Timmy Brister writes:
For the past several weeks, I’ve been reflecting on living a hurried life. I become convicted of patterns and pursuits counterproductive to the mission to make disciples. The rhythm of society these days seems to be so out of step with the cadence Jesus set out for his disciples. Here is the Savior of the world, the Author of time, never in a hurry in accomplishing the most life-changing, history-shaping mission the world has ever known.
Someone in a hurry makes an idol out of time. They allow the present to be dictated by the future. Lusting after not-yet moments, we deprive ourselves from the already present moments when we are called to love. Skillful living is making most of the time through a redemptive lifestyle, and ironically, making the most of time does not come by hurrying up but by slowing down.
One of the great hindrances to life on mission is being in a hurry. Have you noticed how impossible it is for a hurried person to love someone? They may be physically present, but they are mentally distant. They may give you lip service, but their hearts are far from you. Don’t get me wrong. There are good intentions with being in a hurry. I want to get things done. I love being productive. But when the product takes precedence over people, then my usefulness ironically makes me unproductive for the mission. Even worse, I begin to treat people like product rather than objects of my affection–to listen, to learn, to love. All those things that takes time–things that the absence of margin and presence of hurry rob us from experiencing as we controlled by a rhythm of life that takes the life out of us.

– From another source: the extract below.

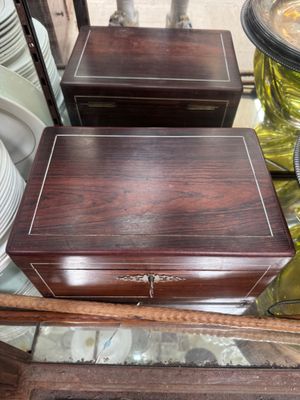 a glass table with a wooden box on top of it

Disciples of Jesus cannot be controlled by time or enamored by the future. Idolizing time breeds unbelief in Jesus, who is the Alpha and Omega, the beginning and the end. When we are set free to slow down, we can calibrate our lives according to the cadence of the kingdom. One of the simplest ways of being out of step with the world is not living to keep up with it. I am not advocating a life of laziness but rather a pursuit of presence. It’s a perseverance in abiding, not a fleeing for fleeting moments.
Truly, Jesus’ yoke is easy inasmuch as Jesus is not in a hurry. My yoke is hard because the burdens I create are heavy. I’m learning the joyful consequences of preferring Jesus’ yoke over mine. And when His joy is mine, I find that His glory shines in the very places and among the faces of people I’m privileged to love and give my life away. So Lord, let me live on mission so that when the Spirit calls me to make much of Jesus, I can genuinely respond with “present.”